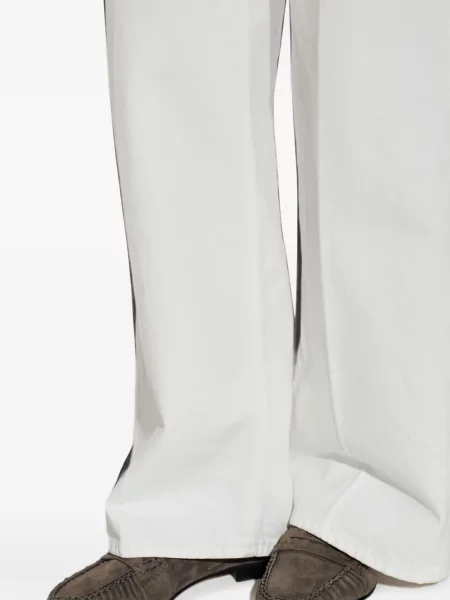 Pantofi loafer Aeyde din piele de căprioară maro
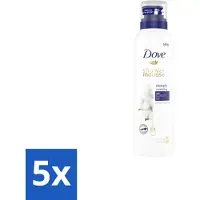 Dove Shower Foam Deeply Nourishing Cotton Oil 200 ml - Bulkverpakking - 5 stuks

_ _ _ _

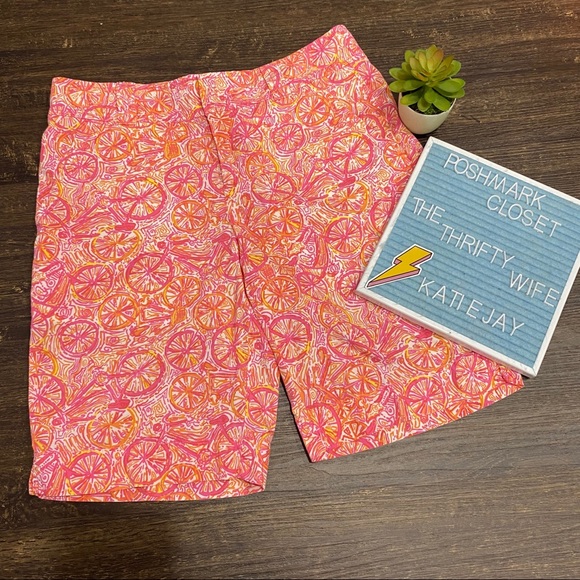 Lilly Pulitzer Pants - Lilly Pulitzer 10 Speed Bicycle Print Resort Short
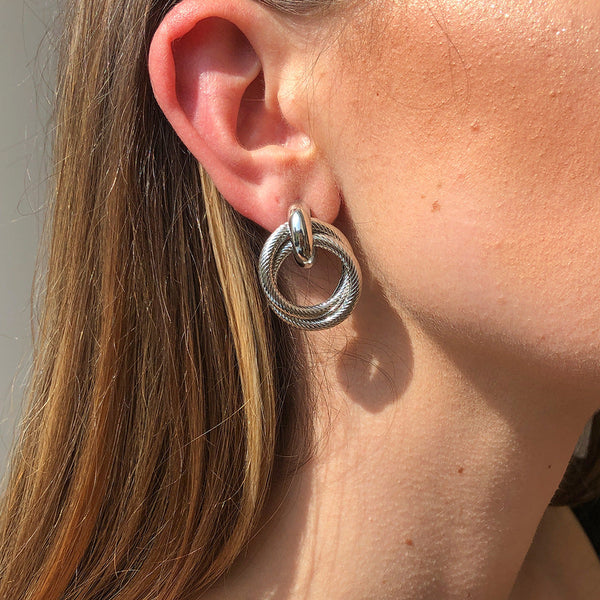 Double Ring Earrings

_ _ _ _

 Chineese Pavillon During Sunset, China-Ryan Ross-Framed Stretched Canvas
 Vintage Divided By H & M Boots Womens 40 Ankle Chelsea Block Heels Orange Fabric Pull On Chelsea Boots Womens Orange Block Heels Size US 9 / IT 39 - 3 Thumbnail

_ _ _ _

• Activity:
Line for line, output the entries above from the line with "Pantofi loafer Aeyde" to the line with "Dove Shower Foam", both included, and nothing more. Skip pictures.

• Solution to this task:
 Pantofi loafer Aeyde din piele de căprioară maro
 Dove Shower Foam Deeply Nourishing Cotton Oil 200 ml - Bulkverpakking - 5 stuks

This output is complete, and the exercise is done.